Les courses d’hier au Champ de Mars ont été fort brillantes ; tous les vrais amateurs de chevaux y assistaient. La troupe Franconi et Jolibois s’y faisait remarquer. Mesdames Cuzent et Camille étaient en calèche découverte ; Auriol était en tilbury, conduit par le fameux cheval si heureusement apprivoisé, qui agite la sonnette comme un président de Chambre, qui boit du vin par rasades comme un garde champêtre, qui dîne à table avec une serviette attachée autour du cou comme un enfant bien élevé. Ce qui nous étonne, c’est qu’un cheval qui sait faire tout cela sache aussi traîner un tilbury. Il est, de plus, galant comme un marquis… comme un marquis d’autrefois. Une jeune étrangère, une Américaine, ayant laissé tomber son mouchoir, le cheval empressé s’est précipité pour le relever et le lui a rendu avec beaucoup de grâce : « Merci, monsieur, » a dit la jeune fille sans lever les yeux.

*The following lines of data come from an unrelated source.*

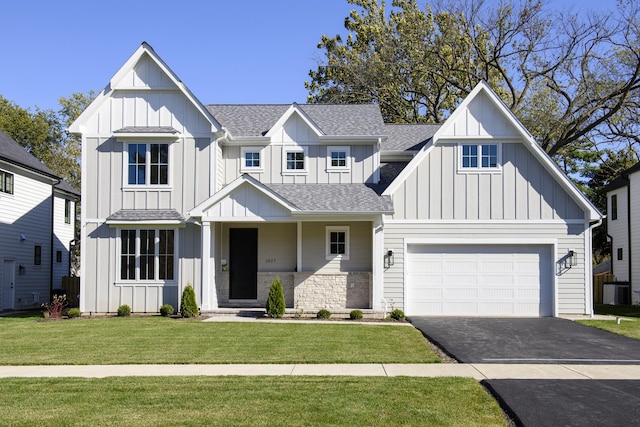 modern inspired farmhouse featuring a front lawn and a garage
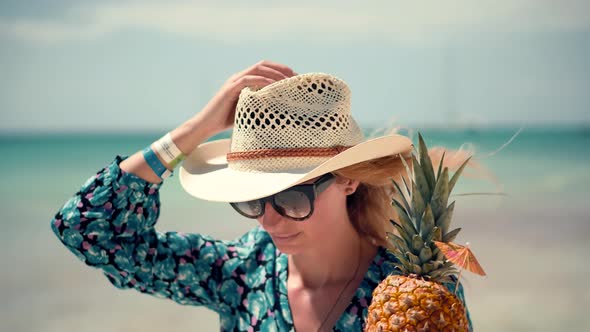 Travel Girl Relaxing On Caribbean Beach Saona Island. Girl Drinking  Pina Colada On Tropical Beach.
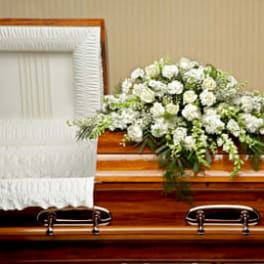 White floral casket spray arranged on a polished wooden casket with white interior.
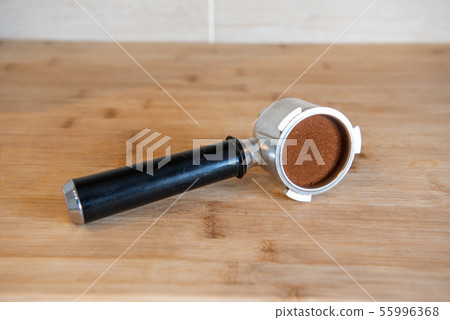 portafilter with temping ground coffee on wooden table portafilter with temping ground coffee on wooden table 55996368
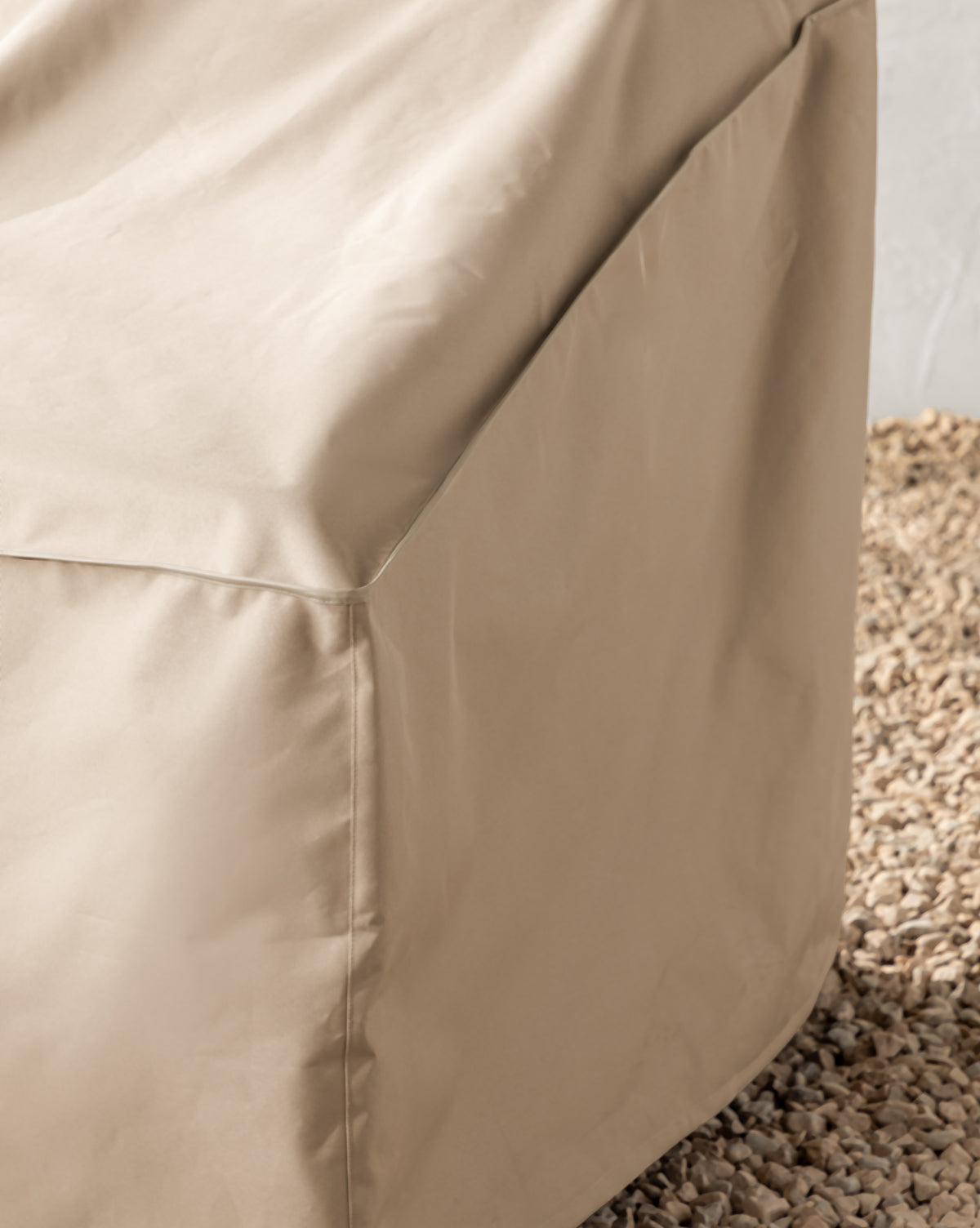 Close-up of a beige Outdoor Lounge Chair Cover, water-resistant, draped over a square-shaped object and resting on light-colored pebbles by McGee & Co.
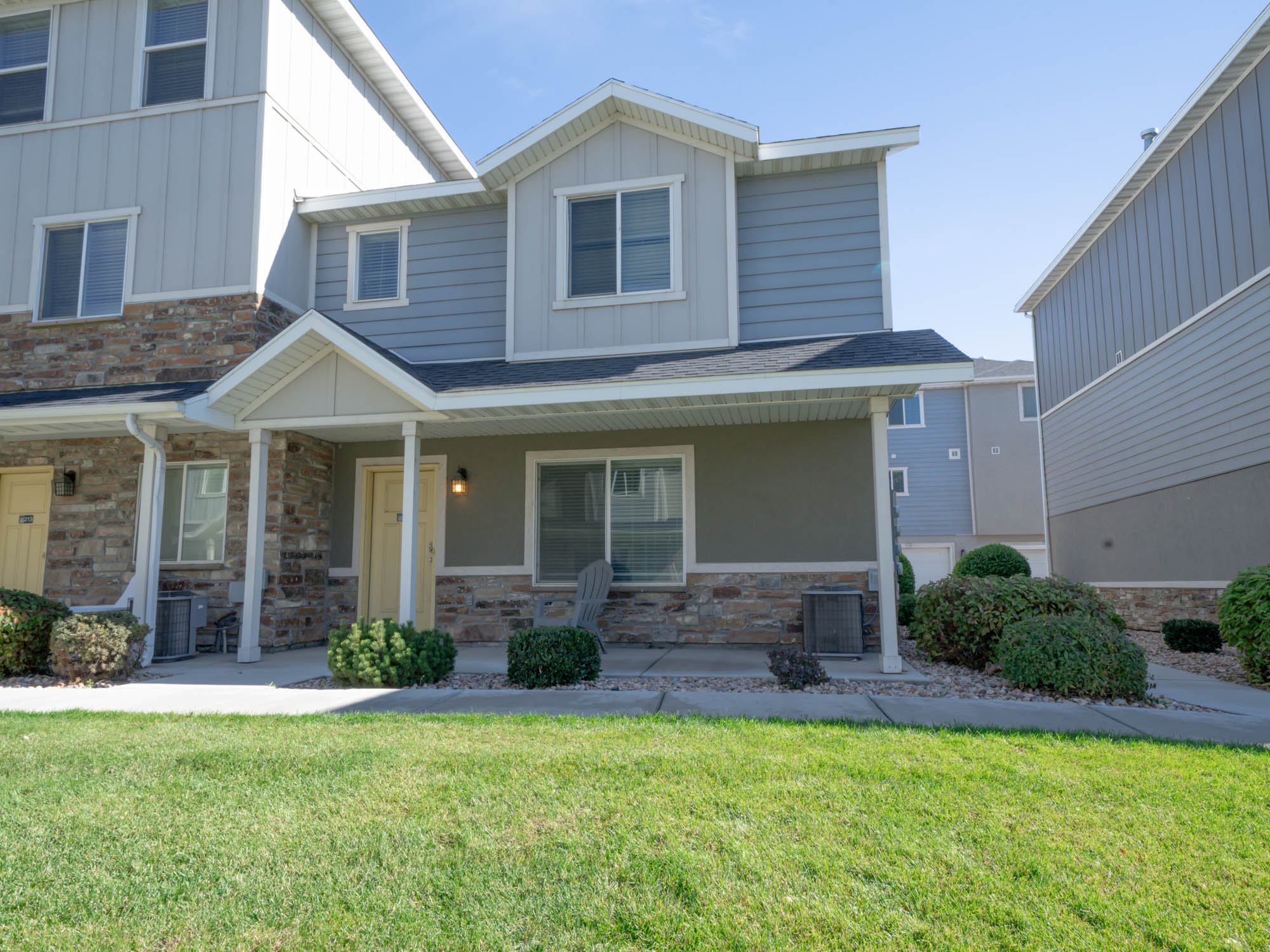 Two-story townhouse with a covered porch, yellow door, bushes, and green lawn under a clear sky.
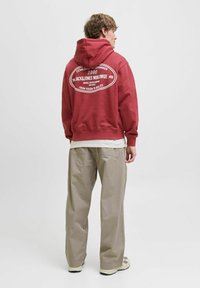 Jeune homme portant un hoodie rouge avec du texte blanc dans le dos, un pantalon beige à jambe large et des baskets blanches, se tenant devant un fond uni.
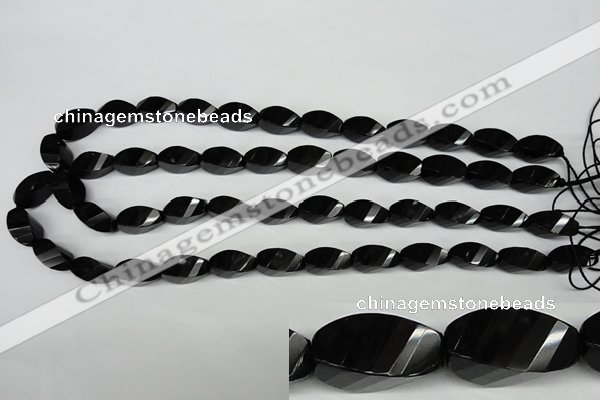 CAG4009 15.5 inches 8*16mm faceted & twisted rice black agate beads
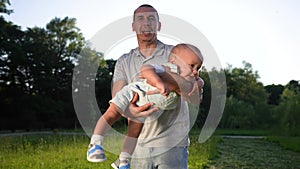 Dad playing with son baby in the park. Happy family kid dream concept. Dad shakes baby son in his arms play have fun in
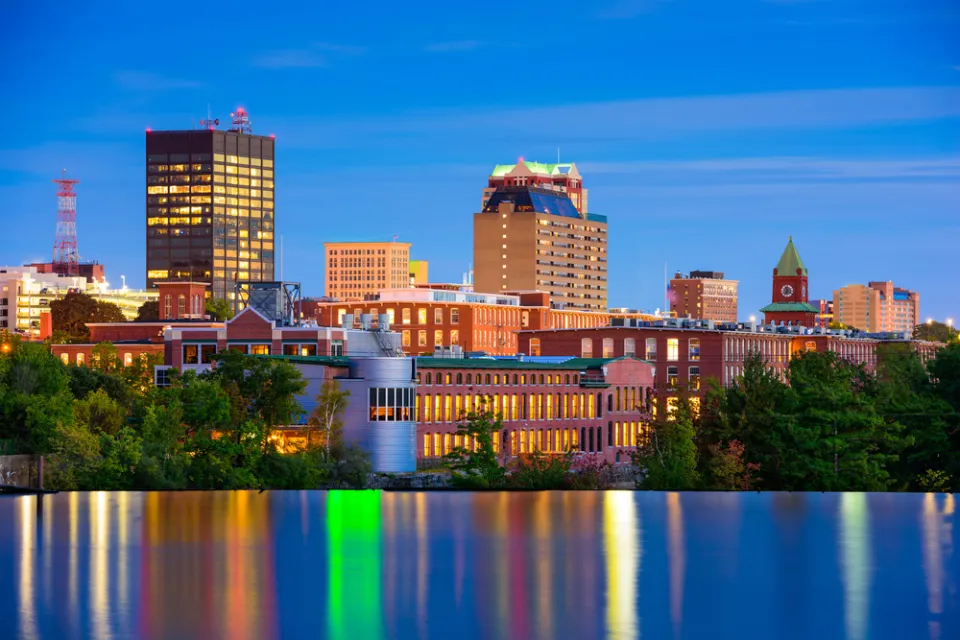 The downtown of Mancheste, New Hampshire is nestled against the Merrimack River in the final light of day.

Nous avons accusé, il y a quelque temps, les plaisanteries d’Auriol d’être un peu monotones ; nous lui devons la justice de dire qu’il les varie maintenant délicieusement. Il a une manière de jeter des poids de cinquante livres sur la tête des spectateurs qui est tout à fait agréable ; l’illusion est complète, on se croit mort. Un cri d’effroi retentit dans toute la salle.